His passion for art began when he was 13 and he got into the graffiti and spray-painting scene. As he grew up, he decided to turn away from the urban-setting graffiti on walls and aimed to make more of an impact on society with his skills. “There was so much visual pollution in cities that no one really saw graffiti anymore,” he said in an interview. “So I wanted to find another way to get people’s attention.”

He decided to make an eco-friendly paint from coal and chalk that would minimise the impact on the environment and in 2015, took to parks and giant grassy spaces as a canvas for his land art.

“I always set out to have an impact on people’s minds and memories, without leaving much of a trace. For people to reappropriate my work by walking all over it, that’s no problem to me. I paint on something impermanent, which is constantly changing,” he says.

The inspiration behind his work came from articles he’s read on climate change and global issues to humanitarian crises. He then uses his art to promote messages of kindness, hope and mutual aid.

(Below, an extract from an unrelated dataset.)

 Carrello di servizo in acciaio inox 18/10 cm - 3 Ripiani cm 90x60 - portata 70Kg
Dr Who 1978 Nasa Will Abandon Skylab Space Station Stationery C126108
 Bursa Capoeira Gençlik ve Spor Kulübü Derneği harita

With help from friends, the baseball-cap-wearing artist carefully designs and plots out space for his gigantic pieces, which span anywhere from 4 000 to 10 000 square metres.  Some of his hyper-real works include a woman’s face in the French Alps, a giant grandfather in braces on a Swiss mountainside and a little girl reading a book on a hill in Switzerland.

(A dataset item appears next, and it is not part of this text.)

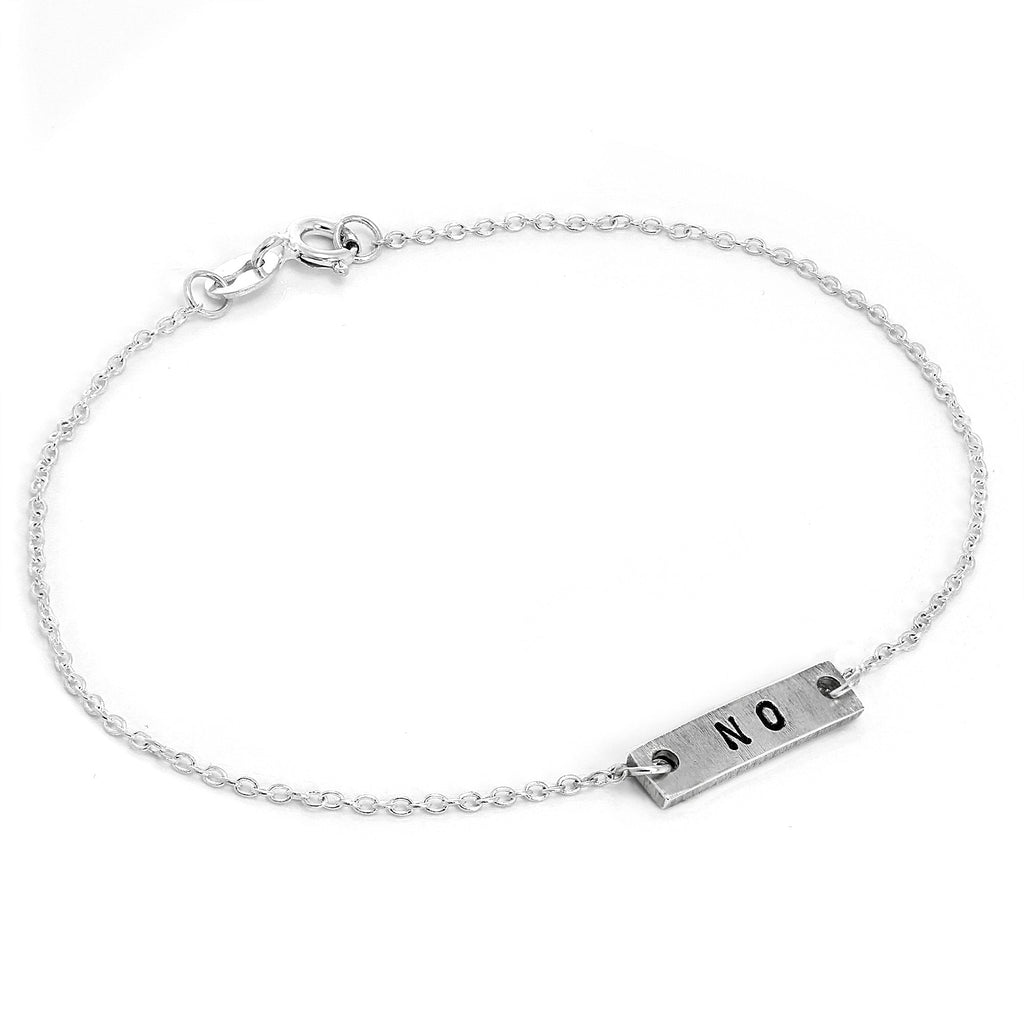 Personalisiertes Stab-Armband/Fußkettchen aus Sterlingsilber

The inspirational work by the artist, formerly a full-time nurse, can be seen in full effect from above, as its beauty is captured by drone, but you have to be quick as the paintings soon disappear into the landscape.  

“When I paint, I can’t see what I’m doing. It’s very philosophical – if you’re emotionally too close to something, you see nothing. It’s only when you step back that reality hits you.” His work has seen him make Forbes’ list of top 30 under 30 most influential people in arts & culture in Europe in 2019. 

His philosophy is simple: “I paint, I come back the next day and it’s different. People say it’s ephemeral. But that’s my point – isn’t everything?”